If 25 fail, and ‘almost a third’, i.e. at least 40, narrowly make it, 50% or more of Europe’s banks are in trouble. And that’s after they’ve been given ample time to borrow, sell assets, do whatever it takes to pass. More than half of all banks. And sure, Europe has scores of ‘systemic’ or Too Big To Fail banks, and they’ll never be put in the corner with the dunce hat on. But that’s not as great as it may seem, it just means we’re not allowed to know what shape they’re really in, and if they threaten to topple over, taxpayers will need to pay up.

And that’s still not all. Catherine Boyle explains a few things at CNBC about the stress tests:

What’s Missing From The EU Bank Stress Tests

The EBA stress tests involve running banks’ books through shocks like a 14% drop in house prices from current predictions. However, they do not involve deflation, or a sustained period with higher or lower prices for commodities such as oil – both of which the euro zone is potentially facing.

If ‘shocks’ like these are the worst case scenario of the tests, and half of the banks fail that, you might want to speak of a systemic problem. Many housing markets are still very expensive, let’s see interest rates go up to any historic average of your choosing and then see what happens to home prices. No review of what havoc deflationary pressures or oil and gas prices might do to banks sounds hardly serious either.

There is also disagreement over how certain assets may be classed. In weaker economies like Portugal, Greece, Spain and Italy, the governments have passed laws allowing banks to convert deferred tax assets (DTAs), which are tax payment deferrals generally awarded during times of weaker profitability, into more capital-enhancing deferred tax credits (DTCs).

Translation: local accounting tricks are still alive and well. Deferred tax credits are just one example, obviously.

Oliver Burrows, senior analyst at Rabobank, told CNBC: “European banks have actually done quite a lot in terms of balance sheet repair and capital raising. To give it additional credibility, you need to have some victims, and those are going to be quite predictable. Another fear is that if there is a rush of these weaker “victims” to raise more capital, there may not be much demand for it – and that could weaken the sector further. “Who would want to support or buy new equity in these banks?” Burrows asked.

That’s it right there: they’ve done a lot, and still fail. So where are they going to get the rest of the investments they need?

And then the EU comes this morning with a new stunt worthy of Larry, Curly and Moe. They’ve sent new calculations about members’ economic data, and the contributions they need to send to Brussels based on those data, around, and it’s a shame all the news is about how Britain is told to pay a billion and a half or so extra. Holland must fork over much more per capita, for one thing.

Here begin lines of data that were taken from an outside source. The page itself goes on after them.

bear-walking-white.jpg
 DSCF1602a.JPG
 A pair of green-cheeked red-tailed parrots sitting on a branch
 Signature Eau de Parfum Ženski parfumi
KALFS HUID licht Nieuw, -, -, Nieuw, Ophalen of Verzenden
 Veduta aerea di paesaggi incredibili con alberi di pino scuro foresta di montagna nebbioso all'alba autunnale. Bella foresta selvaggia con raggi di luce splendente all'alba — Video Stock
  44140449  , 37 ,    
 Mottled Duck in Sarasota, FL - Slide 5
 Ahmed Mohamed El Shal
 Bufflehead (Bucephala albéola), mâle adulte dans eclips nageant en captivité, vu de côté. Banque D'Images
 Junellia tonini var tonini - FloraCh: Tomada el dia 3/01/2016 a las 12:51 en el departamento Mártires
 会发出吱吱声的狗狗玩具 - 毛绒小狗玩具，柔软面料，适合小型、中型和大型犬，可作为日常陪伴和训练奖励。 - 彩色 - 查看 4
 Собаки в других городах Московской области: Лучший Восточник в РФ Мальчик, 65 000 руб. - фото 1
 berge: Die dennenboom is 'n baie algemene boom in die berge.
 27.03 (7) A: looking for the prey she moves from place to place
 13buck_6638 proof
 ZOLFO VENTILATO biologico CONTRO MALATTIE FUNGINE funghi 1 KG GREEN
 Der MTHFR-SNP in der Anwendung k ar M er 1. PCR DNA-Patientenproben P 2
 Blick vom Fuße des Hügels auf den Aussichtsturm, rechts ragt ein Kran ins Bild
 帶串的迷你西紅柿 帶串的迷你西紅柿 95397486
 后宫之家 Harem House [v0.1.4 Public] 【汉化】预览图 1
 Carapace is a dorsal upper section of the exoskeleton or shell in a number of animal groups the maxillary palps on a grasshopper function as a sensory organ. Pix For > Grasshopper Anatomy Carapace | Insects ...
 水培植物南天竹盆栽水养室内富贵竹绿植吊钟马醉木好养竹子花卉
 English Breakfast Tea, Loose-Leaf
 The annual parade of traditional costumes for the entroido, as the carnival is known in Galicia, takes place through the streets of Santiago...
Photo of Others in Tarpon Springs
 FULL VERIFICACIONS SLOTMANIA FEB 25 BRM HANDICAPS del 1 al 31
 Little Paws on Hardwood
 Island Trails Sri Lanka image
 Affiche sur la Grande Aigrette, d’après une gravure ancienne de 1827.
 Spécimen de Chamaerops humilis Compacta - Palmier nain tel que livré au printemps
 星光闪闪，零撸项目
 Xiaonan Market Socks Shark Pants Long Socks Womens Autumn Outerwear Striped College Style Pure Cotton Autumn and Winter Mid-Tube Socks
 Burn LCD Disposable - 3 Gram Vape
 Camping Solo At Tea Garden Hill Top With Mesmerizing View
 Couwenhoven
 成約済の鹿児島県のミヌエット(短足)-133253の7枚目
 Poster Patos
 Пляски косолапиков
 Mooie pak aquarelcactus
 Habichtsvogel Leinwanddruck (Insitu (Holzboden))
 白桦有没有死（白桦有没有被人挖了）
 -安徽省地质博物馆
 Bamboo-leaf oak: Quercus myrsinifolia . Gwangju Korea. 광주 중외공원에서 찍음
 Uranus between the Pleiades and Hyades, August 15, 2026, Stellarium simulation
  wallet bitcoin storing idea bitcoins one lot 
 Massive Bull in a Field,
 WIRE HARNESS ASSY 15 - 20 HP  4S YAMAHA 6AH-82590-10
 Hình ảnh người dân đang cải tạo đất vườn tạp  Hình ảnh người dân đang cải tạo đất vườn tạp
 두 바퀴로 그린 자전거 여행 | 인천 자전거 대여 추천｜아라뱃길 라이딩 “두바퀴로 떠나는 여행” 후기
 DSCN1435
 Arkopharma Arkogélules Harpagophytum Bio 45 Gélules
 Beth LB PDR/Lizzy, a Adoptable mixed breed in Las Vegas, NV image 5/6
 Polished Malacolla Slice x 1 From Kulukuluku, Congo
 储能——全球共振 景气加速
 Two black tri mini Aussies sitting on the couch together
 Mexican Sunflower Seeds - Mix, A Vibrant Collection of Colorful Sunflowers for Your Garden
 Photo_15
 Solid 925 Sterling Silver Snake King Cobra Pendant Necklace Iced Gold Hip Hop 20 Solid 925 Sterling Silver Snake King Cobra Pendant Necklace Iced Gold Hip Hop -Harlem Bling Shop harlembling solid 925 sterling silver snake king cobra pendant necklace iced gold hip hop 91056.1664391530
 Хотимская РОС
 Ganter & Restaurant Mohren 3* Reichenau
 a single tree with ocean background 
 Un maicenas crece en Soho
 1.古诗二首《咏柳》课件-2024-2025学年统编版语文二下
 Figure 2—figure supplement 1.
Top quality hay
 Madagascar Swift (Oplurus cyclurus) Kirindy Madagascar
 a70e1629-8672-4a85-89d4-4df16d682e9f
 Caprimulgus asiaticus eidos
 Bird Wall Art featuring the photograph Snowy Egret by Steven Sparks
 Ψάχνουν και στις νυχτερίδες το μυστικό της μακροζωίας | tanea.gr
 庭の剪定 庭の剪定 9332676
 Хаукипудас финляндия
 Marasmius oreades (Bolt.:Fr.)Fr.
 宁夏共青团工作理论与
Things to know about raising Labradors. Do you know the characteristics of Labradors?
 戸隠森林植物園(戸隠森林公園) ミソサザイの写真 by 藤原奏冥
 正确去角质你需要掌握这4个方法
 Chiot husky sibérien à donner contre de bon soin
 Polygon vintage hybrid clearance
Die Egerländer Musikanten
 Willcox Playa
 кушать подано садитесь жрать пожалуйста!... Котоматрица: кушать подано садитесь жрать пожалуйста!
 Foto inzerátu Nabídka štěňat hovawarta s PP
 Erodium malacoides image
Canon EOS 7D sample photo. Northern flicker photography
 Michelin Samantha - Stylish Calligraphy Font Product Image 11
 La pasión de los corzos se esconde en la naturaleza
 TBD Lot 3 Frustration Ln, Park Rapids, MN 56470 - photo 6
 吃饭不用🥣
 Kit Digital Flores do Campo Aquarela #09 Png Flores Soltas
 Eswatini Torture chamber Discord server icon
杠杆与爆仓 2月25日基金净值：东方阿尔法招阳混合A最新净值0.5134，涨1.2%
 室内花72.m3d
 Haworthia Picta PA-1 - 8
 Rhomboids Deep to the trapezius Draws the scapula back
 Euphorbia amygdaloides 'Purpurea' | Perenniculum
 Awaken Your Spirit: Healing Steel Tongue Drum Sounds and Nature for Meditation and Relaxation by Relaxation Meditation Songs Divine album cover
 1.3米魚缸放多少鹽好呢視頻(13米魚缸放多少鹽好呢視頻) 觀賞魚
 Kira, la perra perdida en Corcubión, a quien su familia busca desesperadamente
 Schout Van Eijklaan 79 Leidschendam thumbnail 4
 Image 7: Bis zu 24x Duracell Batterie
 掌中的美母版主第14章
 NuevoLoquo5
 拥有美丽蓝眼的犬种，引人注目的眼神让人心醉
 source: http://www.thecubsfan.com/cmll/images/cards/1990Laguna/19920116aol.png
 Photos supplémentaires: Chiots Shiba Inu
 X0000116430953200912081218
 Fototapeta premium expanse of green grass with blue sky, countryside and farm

But what makes it even better is that Greece has been told to pay more, and that can go straight to Germany, which is set to receive a billion. Explain that. Italy has to pay extra, France receives.

The problem is of course, Brussels feels it doesn’t have to explain anything it does. They put the data on some webpage before even informing the member nations, as per the Dutch finance minister. Who, like Cameron, had no idea where the numbers came from. Brussels thinks: you don’t have the guts to break up the EU, anyway. So what are you going to do about it? Well, Cameron feels Nigel Farage breathing down his neck, that’s what.

The best part is that everyone’s falling over one another to assure us that the new accounting methods, which include drugs and prostitution, have nothing to do with this madness. But isn’t it just great to ponder that Britain has to fork over an additional billion only because the French have cheaper hookers?

Someone finish off that inane union before it starts to do real serious harm. Because it will.